# Advanced Forecasting with Nixtla: Hierarchical Forecasts

Welcome to this tutorial on advanced forecasting techniques using Nixtla's tools. Nixtla provides state-of-the-art libraries for time series forecasting, including neural network-based models and hierarchical forecasting methods.

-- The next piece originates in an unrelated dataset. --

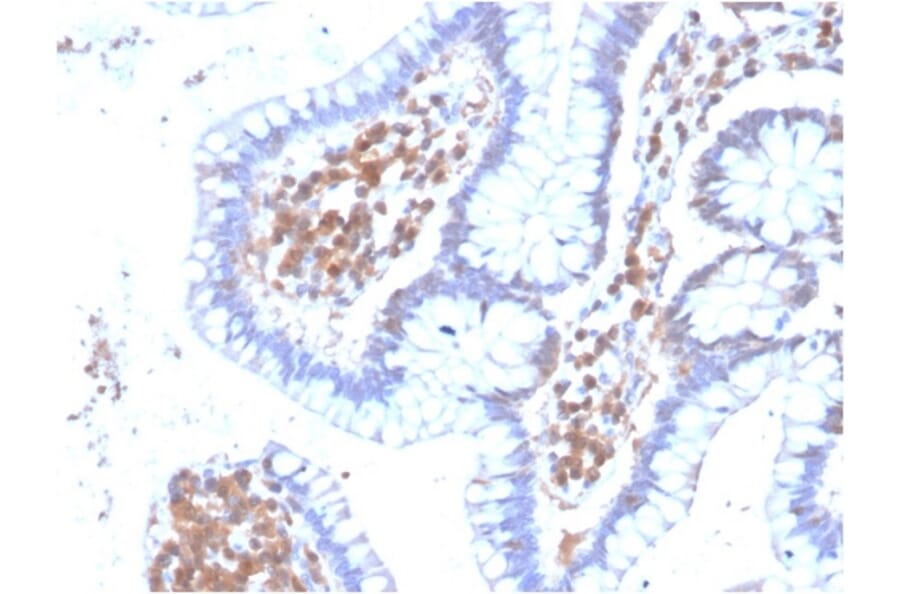 Immunohistochemistry - Anti-MAPK14 Antibody [CPTC-MAPK14-1] - BSA and Azide free (A251452) - Antibodies.com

In this notebook, we will cover:
- Understand cross‑sectional hierarchical structures and coherent forecasts.
- Train base (unreconciled) forecasts with StatsForecast (AutoARIMA + Naive).
- Reconcile forecasts using BottomUp, TopDown, and MiddleOut.
- Evaluate performance by hierarchy level and compare against a benchmark.
- (Advanced) Explore MinTrace / ERM.

By the end of this tutorial, you will understand these concepts and implement them using Python.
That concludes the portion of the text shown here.